In what is quickly escalating into a bitter, Riggs vs. King-esque volley played out on the cement courts of the media—first Deadline Hollywood Daily claimed Warner Bros. president of production Jeff Robinov was scrawling "DEEP TURNAROUND" in pink hi-liter on any project with a female lead, then Robinov fights back by listing every chick-flick he's ever made, will make, or hopes to remake for Variety—now Salon enters the fray, assembling an impressive panel of industry women to weigh in on the state of the Hollywood sexes. While the discussion takes several interesting turns, we join them in the midst of a lively debate over the feminist merits of beauty-and-the-schlub megahit Knocked Up:

Kimberly Peirce: I just love when she's having that mood swing. That is hilarious.

Margaret Nagle: I totally believed her having sex with him to begin with.

Lynda Obst: Jesus, Margaret, that wasn't what I was looking for. [Laughter]

Nagle: I did! I did! He was furry and sweet.

Callie Khouri: I had a rough time with it.

Obst: Thank you, Callie.

Khouri: I mean, I've seen stranger things happen in this town. Fat, ugly guys get laid by beautiful women every day of the week. So based on that, I was able to go with it. But was it satisfying as a female moviegoer? It's not wish fulfillment, in a way. [...]

Donna Langley: [President of production for Universal, who produced the film]: The premise of the movie from Judd [Apatow]'s perspective, and I'm not being defensive, but for me the comedic premise was: What if this guy got this girl pregnant. And, to be honest, a lot of the attempt at heart and character —

Obst: Came from you. We knew it. [Laughter]

Langley: It wasn't there in the original inception. I'm not going to take anything from Judd; he deserves all the credit. But the original intention of the movie was not to make an observational gender comedy. It was, What if this goofball guy got this really hot piece of ass pregnant.

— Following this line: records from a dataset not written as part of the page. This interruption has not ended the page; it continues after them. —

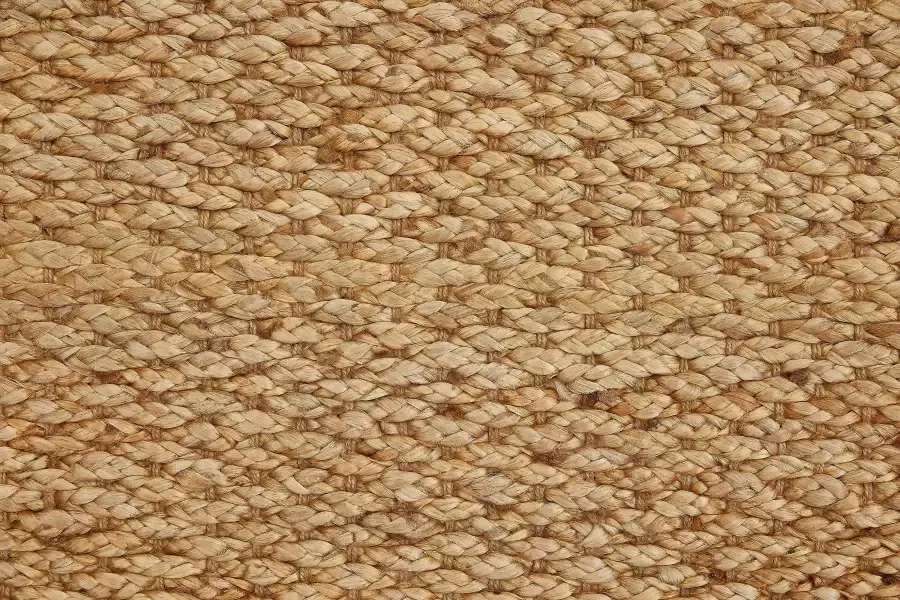 My home Vloerkleed Oda Vlakweefsel van natuurlijke vezels jute - Foto 7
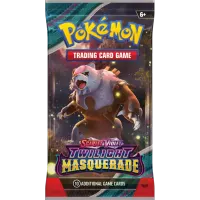 Pokémon TCG Twilight Masquerade Booster ENG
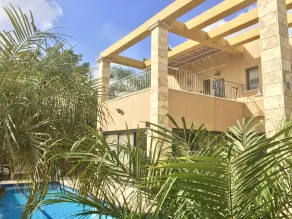 House Of The Rising Sun - Piscina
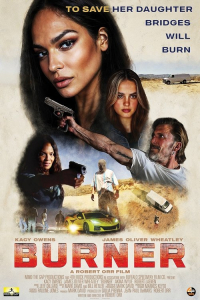 Nonton Burner (2025) Sub Indo di Lk21 Poster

We're not completely surprised to learn that Apatow's winning formula of raunch-and-heart might have at first been a little heavy in the snips, snails, and puppy dog tails department. Luckily, with Langley on hand to inject a womanly touch, what was initially conceived as the hilarious story of an upwardly mobile TV anchor accidentally getting pregnant, then learning to enjoy her new life as a shared concubine among the father's group of ragtag, internet-sex-addicted friends, was eventually reshaped into a touching story of love, personal redemption, and crowning baby heads to which audiences of both sexes couldn't help but surrender.